In today’s atmosphere of no-holds-barred social media, many assume that great charm, charisma and overt confidence are the hallmarks of great leadership in business. However, experts are now focusing on a little understood emotional skill: humility. Humility is defined by Merriam Webster as “freedom from pride or arrogance; lacking in pretense.”

Humble Pie

Humility doesn’t necessarily mean a person lacks confidence, is weak or unsure. It is a core leadership quality of those who inspire teamwork, learning and performance. A humble leader is secure enough to recognize her weaknesses, eager to improve herself, appreciates the input and strength of others with the focus on end goals beyond self-interest. In research conducted by Bradley Owens, Associate Professor of Business Ethics at Brigham Young University, teams with humble leaders have performed better and produced higher quality work than those who do not exhibit humility.

Companies are starting to take humility into account with new hiring and senior executive promotion decisions. Humility is linked to lower absenteeism and turnover. Employers have found that humility can predict ethical behavior and longer job tenure. Because these people often fly under the radar, companies such as Hogan Assessments are developing workplace tests to screen for this elusive characteristic.

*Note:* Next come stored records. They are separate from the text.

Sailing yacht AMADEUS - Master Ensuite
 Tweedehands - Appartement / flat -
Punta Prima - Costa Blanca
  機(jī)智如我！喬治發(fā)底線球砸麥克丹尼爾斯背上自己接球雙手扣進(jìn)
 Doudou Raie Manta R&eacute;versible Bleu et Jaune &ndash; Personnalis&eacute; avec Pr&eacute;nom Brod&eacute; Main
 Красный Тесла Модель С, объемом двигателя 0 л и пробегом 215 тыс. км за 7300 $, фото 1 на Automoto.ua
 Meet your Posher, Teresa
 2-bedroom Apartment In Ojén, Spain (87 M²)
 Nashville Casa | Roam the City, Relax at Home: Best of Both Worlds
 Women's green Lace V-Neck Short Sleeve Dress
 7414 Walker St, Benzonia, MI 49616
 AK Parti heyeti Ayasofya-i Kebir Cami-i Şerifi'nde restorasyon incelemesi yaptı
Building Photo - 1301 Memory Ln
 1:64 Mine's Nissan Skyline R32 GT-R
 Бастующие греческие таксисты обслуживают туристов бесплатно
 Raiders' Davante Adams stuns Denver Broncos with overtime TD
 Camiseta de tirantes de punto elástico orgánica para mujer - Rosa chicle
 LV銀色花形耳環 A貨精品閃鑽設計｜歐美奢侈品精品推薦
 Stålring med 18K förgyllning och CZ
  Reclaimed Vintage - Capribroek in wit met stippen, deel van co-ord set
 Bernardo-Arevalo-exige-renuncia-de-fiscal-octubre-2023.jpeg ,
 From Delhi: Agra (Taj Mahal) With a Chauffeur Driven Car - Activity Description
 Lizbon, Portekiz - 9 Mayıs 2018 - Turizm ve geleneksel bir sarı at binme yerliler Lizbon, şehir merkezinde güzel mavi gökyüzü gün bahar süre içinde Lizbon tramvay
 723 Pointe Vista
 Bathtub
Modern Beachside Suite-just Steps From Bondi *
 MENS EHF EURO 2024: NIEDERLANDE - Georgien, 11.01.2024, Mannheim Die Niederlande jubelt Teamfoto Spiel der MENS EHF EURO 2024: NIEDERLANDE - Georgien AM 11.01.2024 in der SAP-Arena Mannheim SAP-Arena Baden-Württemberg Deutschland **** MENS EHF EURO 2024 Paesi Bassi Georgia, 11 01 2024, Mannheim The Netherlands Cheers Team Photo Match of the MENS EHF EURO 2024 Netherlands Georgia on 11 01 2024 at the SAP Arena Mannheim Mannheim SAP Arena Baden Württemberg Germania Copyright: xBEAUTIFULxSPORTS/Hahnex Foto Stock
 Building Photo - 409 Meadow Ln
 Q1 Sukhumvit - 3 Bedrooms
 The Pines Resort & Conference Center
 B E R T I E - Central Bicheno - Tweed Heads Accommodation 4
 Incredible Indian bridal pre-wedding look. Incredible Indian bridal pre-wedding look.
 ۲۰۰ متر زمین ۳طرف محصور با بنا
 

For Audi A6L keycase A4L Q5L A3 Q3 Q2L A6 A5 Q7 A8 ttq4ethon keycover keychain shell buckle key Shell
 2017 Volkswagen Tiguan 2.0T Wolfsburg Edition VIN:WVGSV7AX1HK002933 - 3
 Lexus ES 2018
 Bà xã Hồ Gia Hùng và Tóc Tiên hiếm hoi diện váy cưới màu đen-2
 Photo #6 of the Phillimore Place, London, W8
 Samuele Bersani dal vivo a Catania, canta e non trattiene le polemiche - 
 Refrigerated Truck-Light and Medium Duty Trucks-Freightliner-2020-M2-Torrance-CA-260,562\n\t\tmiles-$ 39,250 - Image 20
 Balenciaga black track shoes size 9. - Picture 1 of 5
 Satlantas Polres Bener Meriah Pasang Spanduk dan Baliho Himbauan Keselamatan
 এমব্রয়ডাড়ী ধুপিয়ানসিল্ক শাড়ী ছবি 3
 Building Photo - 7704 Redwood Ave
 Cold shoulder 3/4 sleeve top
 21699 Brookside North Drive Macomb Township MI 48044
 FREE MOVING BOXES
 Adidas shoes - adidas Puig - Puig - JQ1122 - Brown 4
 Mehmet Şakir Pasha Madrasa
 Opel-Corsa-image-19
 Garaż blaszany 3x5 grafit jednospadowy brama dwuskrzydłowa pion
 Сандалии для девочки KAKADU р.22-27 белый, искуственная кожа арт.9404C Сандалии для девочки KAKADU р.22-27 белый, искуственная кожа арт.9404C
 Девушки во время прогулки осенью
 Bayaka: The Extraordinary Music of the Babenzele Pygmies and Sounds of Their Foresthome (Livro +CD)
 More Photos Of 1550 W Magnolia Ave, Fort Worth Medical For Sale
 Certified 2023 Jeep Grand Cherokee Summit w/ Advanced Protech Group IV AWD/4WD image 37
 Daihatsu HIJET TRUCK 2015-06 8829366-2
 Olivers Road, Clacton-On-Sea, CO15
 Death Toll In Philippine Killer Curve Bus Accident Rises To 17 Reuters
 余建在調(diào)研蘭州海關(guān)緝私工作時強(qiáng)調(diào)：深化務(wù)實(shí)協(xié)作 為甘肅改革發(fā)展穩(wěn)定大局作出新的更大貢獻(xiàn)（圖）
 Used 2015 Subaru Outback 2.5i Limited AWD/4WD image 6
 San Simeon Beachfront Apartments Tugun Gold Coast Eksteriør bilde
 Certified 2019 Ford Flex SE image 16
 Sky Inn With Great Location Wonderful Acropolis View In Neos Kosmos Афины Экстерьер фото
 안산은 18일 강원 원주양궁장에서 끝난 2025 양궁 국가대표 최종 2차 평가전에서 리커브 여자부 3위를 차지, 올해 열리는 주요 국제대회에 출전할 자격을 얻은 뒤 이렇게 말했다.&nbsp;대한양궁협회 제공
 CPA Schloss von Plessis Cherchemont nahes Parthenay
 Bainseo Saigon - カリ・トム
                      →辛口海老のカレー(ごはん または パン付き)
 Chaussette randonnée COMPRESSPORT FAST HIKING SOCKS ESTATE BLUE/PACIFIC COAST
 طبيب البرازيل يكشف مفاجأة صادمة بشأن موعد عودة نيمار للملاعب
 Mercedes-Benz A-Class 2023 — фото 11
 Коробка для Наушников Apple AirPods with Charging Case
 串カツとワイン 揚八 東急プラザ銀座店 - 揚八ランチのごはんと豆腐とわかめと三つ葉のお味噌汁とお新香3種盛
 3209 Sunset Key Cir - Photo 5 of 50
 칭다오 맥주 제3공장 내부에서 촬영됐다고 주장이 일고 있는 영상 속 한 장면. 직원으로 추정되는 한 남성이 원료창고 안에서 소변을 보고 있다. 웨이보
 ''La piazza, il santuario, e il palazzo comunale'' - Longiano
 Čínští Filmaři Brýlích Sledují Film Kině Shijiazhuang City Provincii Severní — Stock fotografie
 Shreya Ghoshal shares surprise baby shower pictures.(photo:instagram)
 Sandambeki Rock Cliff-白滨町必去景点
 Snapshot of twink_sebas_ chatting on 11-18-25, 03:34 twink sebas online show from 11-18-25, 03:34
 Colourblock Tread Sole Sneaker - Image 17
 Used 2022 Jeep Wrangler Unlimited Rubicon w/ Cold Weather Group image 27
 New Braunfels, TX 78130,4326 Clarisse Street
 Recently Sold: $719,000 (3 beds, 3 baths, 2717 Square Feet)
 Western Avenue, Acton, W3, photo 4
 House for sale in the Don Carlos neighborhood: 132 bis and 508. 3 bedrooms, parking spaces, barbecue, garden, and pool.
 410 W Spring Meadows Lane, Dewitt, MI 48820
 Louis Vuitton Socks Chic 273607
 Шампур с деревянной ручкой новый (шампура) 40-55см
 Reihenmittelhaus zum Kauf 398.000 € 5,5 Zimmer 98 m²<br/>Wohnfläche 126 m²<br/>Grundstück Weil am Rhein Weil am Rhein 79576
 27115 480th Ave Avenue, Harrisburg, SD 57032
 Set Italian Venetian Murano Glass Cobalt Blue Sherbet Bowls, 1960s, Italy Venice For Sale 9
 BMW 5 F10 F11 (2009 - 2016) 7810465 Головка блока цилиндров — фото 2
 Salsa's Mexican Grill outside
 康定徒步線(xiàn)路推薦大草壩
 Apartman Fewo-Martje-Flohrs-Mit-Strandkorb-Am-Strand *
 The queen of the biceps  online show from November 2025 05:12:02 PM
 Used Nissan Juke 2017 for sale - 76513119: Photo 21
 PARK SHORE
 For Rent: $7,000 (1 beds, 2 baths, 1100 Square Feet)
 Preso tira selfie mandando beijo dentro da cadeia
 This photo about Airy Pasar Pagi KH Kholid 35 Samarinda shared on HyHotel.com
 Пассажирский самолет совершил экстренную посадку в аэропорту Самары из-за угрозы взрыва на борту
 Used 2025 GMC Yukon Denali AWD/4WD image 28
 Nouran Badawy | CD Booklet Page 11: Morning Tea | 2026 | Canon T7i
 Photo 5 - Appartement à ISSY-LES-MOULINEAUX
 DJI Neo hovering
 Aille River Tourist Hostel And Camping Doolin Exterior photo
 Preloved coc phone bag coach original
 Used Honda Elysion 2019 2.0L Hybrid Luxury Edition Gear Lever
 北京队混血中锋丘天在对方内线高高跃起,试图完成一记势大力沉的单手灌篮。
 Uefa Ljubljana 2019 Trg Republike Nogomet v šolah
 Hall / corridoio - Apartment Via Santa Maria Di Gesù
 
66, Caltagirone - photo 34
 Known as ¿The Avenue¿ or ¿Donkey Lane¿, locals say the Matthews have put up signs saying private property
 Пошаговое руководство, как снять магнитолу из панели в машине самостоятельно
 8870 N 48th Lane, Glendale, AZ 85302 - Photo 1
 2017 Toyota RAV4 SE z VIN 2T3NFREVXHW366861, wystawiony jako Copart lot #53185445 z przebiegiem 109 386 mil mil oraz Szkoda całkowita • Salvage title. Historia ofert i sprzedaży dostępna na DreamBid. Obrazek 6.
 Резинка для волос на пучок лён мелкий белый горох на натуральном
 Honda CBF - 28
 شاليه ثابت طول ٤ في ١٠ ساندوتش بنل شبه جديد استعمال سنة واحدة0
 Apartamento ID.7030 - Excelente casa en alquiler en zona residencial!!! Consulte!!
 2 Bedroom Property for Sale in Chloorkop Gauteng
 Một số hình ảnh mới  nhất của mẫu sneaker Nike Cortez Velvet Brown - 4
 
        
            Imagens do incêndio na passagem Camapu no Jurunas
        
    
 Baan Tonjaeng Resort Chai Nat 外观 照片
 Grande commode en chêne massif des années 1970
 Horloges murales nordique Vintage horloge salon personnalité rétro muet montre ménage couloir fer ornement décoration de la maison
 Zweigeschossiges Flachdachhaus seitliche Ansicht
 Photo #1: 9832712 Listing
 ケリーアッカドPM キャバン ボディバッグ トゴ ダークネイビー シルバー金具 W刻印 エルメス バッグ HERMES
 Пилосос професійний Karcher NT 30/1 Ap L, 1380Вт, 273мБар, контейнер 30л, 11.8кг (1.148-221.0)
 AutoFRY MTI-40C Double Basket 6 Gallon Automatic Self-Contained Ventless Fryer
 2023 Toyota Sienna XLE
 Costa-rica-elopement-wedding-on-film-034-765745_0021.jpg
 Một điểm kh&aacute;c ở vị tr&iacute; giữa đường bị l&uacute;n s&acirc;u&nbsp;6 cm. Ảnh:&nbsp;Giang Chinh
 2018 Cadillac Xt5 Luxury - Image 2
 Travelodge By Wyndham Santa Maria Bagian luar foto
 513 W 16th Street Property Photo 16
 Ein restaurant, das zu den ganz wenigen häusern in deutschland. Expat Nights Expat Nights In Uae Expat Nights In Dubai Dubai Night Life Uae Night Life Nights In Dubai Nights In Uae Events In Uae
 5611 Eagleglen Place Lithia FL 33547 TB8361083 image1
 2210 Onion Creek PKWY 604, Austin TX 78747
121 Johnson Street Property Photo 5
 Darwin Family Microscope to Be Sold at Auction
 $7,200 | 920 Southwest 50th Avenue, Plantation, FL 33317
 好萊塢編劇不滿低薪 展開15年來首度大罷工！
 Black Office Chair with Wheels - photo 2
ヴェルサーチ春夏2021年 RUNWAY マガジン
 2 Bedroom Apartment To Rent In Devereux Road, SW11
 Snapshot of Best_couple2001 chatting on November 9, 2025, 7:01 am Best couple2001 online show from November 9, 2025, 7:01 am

They call it the H Factor, a stable personality trait comprised of humility and honesty. It also includes such things as sincerity, modesty, fairness plus the avoidance of manipulation, rule-bending and hypocrisy. Patagonia, the apparel company based in Ventura, CA begins scrutinizing potential hires the minute they walk through the door by asking the receptionists for their initial impression.

Humility must be combined with competency

Humble leaders direct their ego away from themselves toward the larger goal of leading their companies to greatness. These leaders are often a complex mix of intense professional will and extreme personal humility. David Packard, co-founder Hewlitt-Packard epitomized humility. He was a man of the people and shunned publicity. He considered himself a HP man first and CEO second. He said “You shouldn’t gloat about anything you have done; you ought to keep going and find something better to do.”


Do you agree or disagree with these statements?

  1. I appreciate other people’s advice at work.
  2. It’s not my job to applaud others’ achievements.
  3. People lose respect when they admit their limitations.
  4. I am entitled to more respect than the average person.
  5. I do many things better than almost everyone I know.
  6. It annoys me when others ignore my accomplishments.

People high in humility tend to agree with Item 1 and disagree with Items 2 through 6.